**Task to carry out**: Directions for the data below: repeat exactly the lines from the one with "Pre-owned David Yurman" through the one with "Vacuum Bags for", both included, and omit all pictures.

[Extracted material]

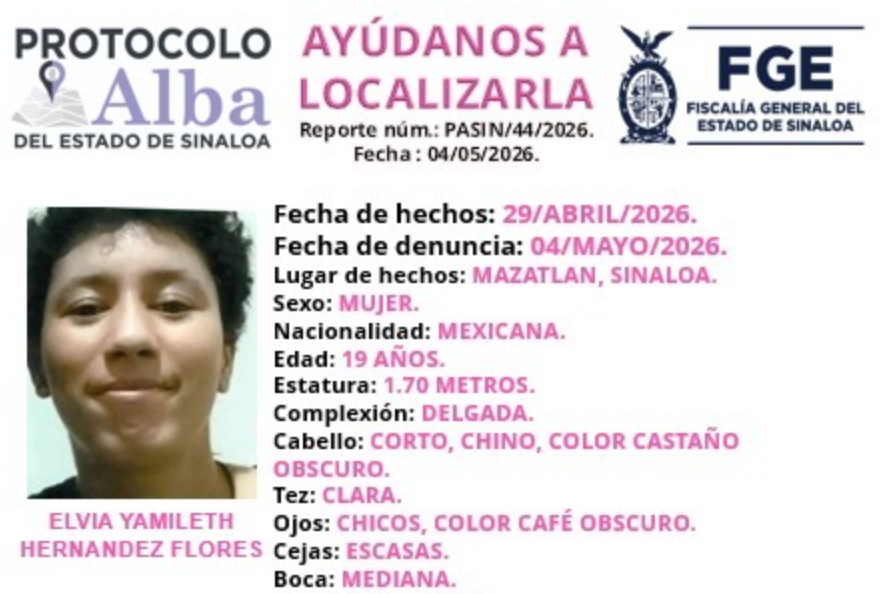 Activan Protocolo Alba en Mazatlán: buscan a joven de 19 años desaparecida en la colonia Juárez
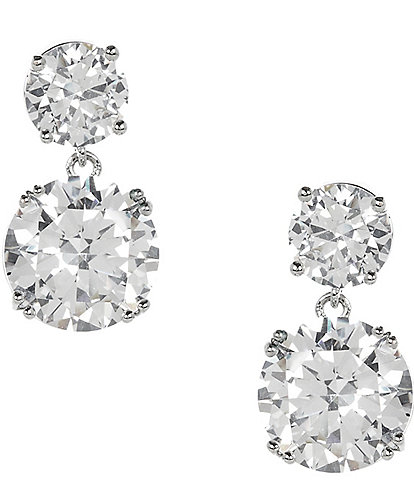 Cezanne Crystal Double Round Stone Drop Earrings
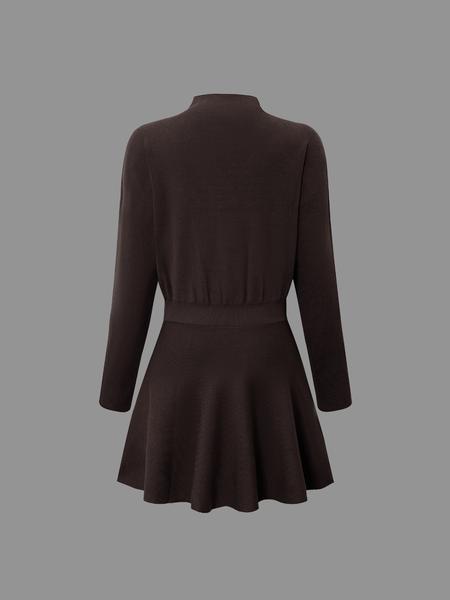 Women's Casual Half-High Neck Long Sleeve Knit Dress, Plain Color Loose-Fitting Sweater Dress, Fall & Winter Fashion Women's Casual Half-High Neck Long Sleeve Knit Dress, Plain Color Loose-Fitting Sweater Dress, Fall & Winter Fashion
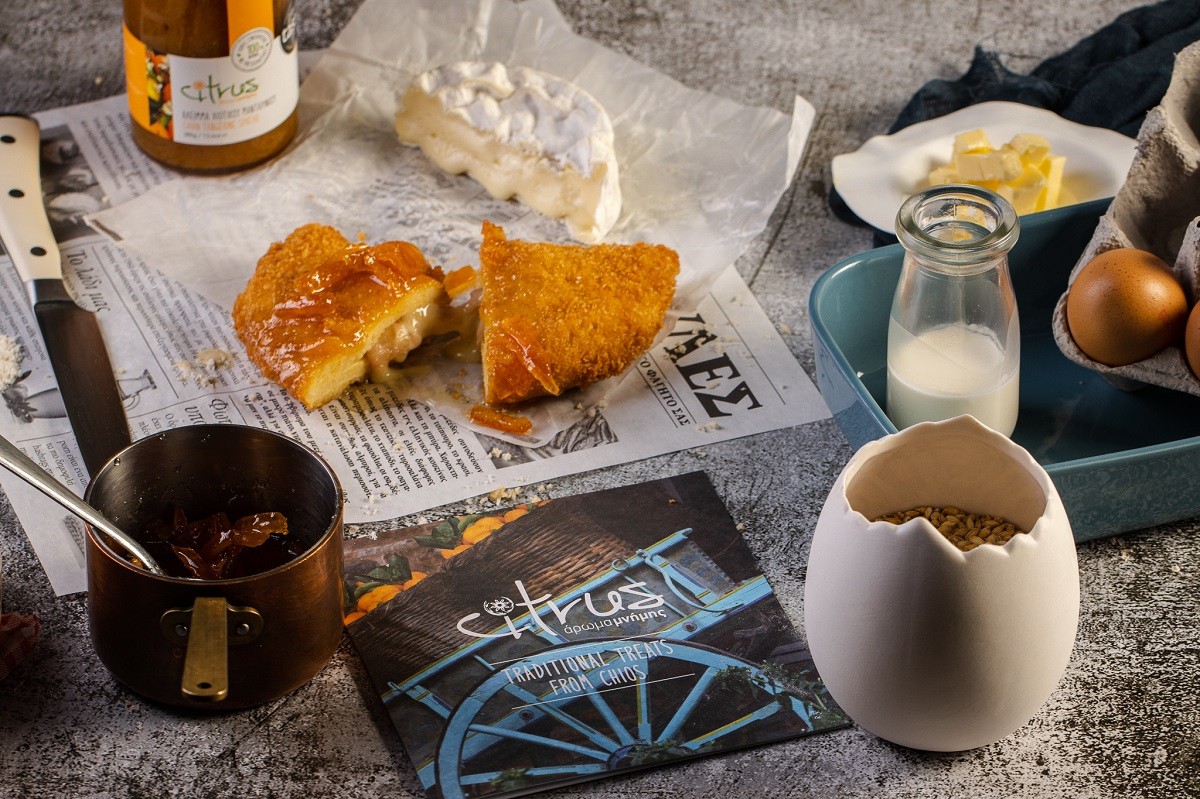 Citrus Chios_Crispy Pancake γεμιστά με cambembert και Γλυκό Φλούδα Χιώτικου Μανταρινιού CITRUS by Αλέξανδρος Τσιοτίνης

[/Extracted material]
[Extracted material]

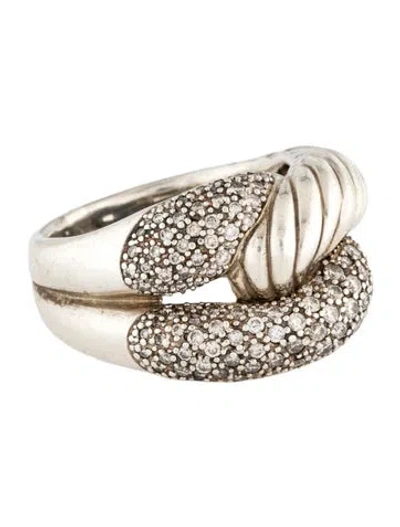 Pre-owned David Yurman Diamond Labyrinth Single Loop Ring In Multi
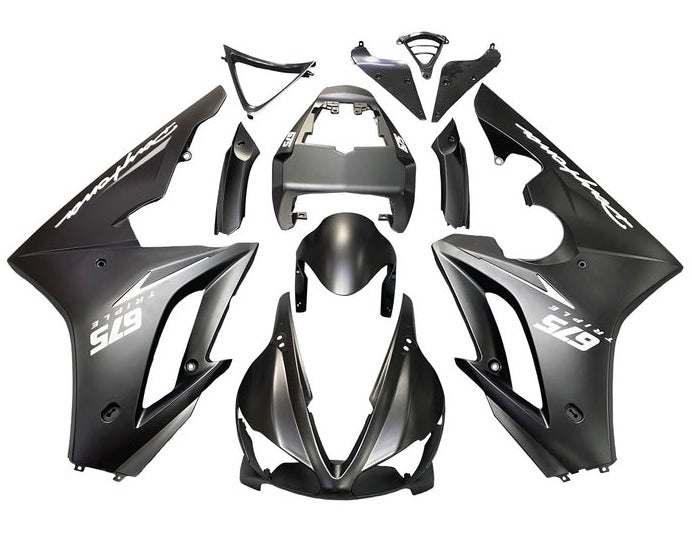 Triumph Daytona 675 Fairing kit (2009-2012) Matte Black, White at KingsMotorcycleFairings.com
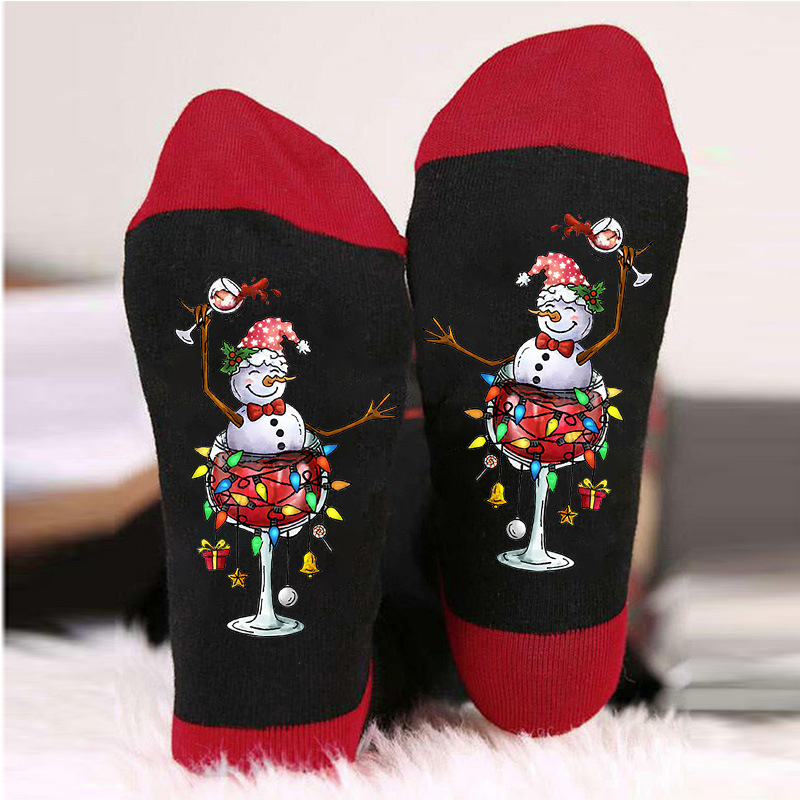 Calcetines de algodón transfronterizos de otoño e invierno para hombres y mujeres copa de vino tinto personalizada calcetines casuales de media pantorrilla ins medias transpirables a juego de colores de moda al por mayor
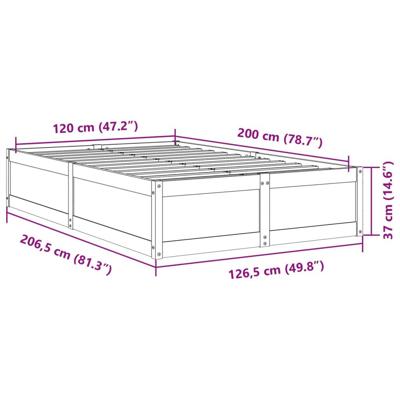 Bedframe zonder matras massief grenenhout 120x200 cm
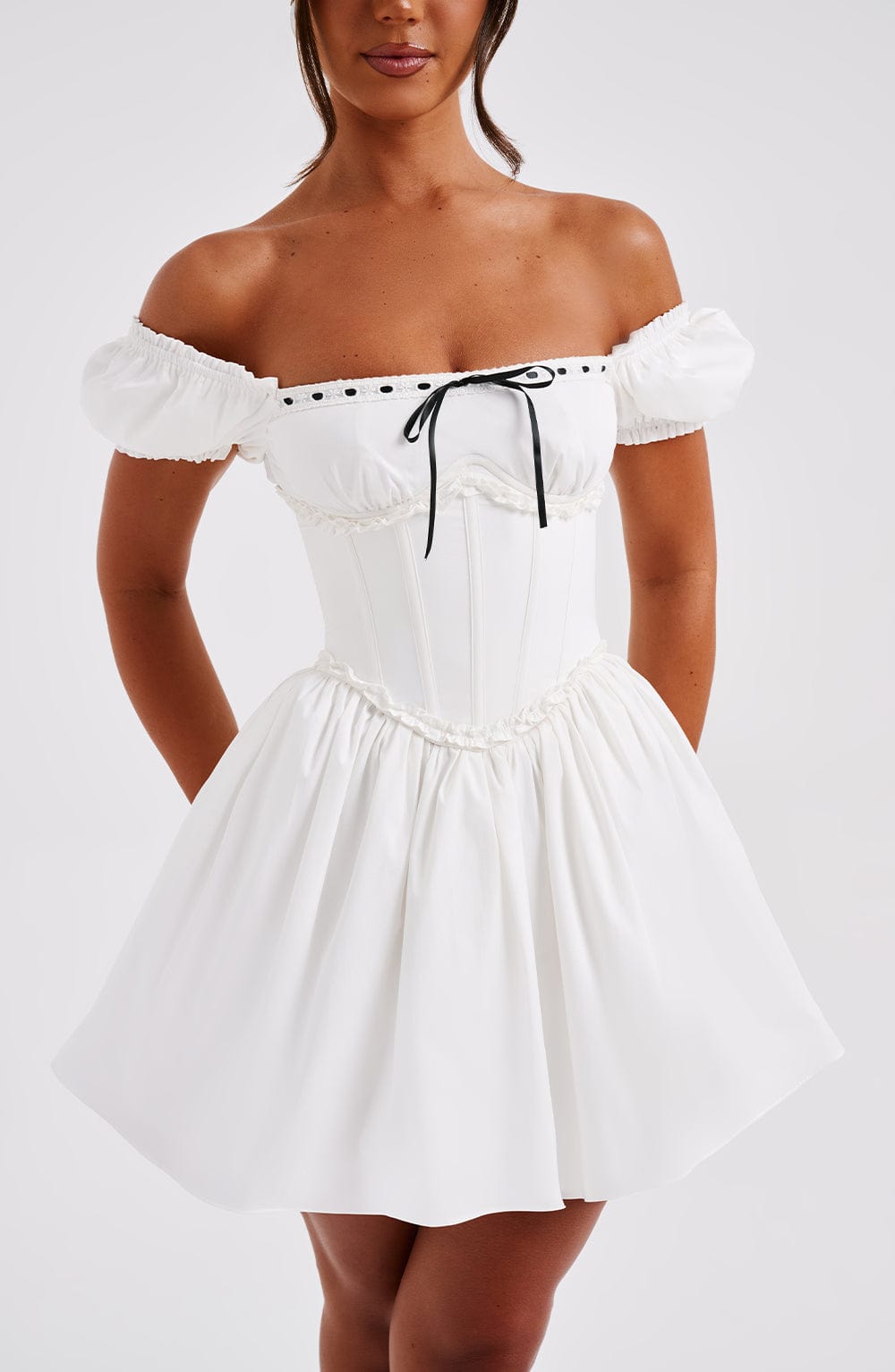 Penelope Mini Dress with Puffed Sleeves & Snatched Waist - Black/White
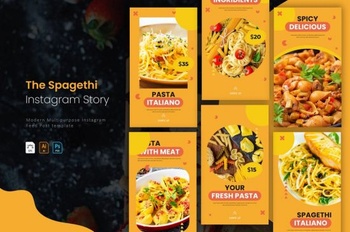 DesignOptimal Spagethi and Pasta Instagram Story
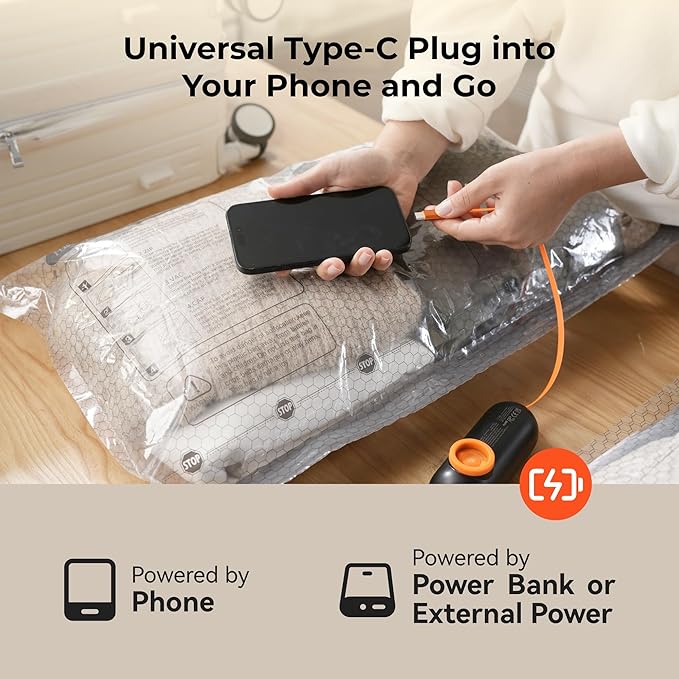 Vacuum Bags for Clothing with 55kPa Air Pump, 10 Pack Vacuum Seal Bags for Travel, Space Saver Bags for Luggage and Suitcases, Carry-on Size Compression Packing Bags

[/Extracted material]
[Extracted material]

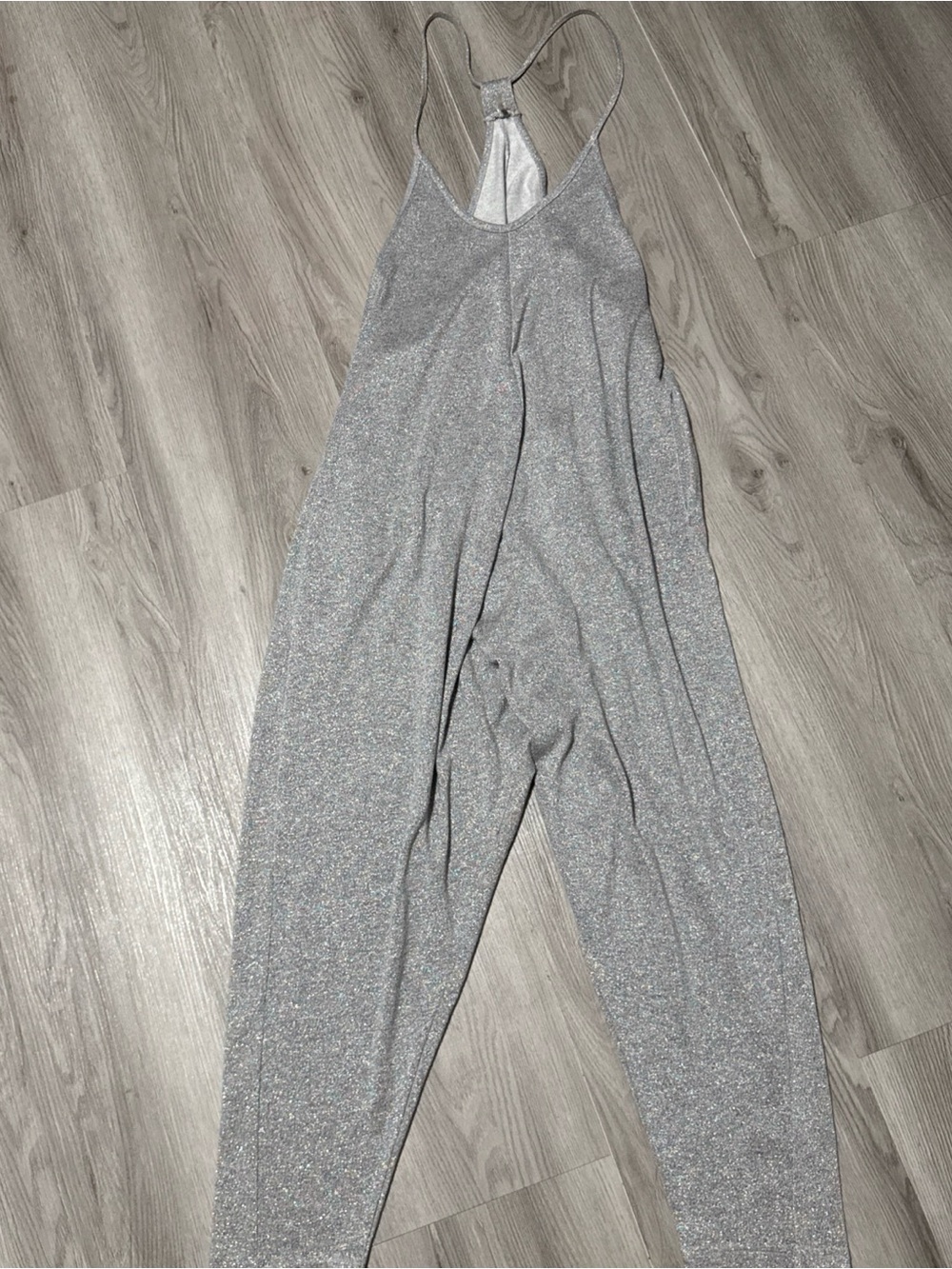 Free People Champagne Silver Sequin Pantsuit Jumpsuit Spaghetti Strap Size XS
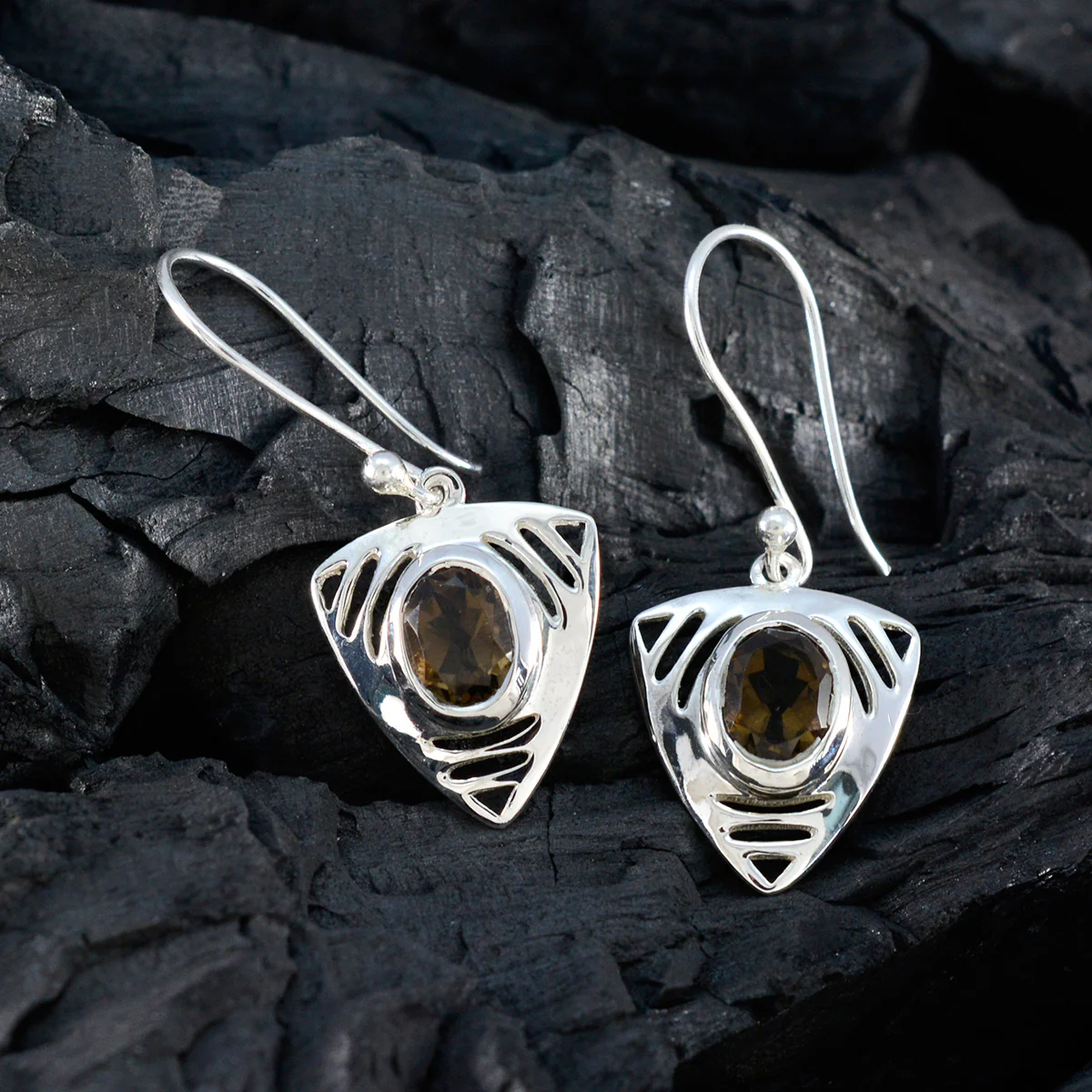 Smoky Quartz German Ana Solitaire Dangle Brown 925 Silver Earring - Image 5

[/Extracted material]

**Finished task**:
 Pre-owned David Yurman Diamond Labyrinth Single Loop Ring In Multi
 Triumph Daytona 675 Fairing kit (2009-2012) Matte Black, White at KingsMotorcycleFairings.com
 Calcetines de algodón transfronterizos de otoño e invierno para hombres y mujeres copa de vino tinto personalizada calcetines casuales de media pantorrilla ins medias transpirables a juego de colores de moda al por mayor
 Bedframe zonder matras massief grenenhout 120x200 cm
 Penelope Mini Dress with Puffed Sleeves & Snatched Waist - Black/White
 DesignOptimal Spagethi and Pasta Instagram Story
 Vacuum Bags for Clothing with 55kPa Air Pump, 10 Pack Vacuum Seal Bags for Travel, Space Saver Bags for Luggage and Suitcases, Carry-on Size Compression Packing Bags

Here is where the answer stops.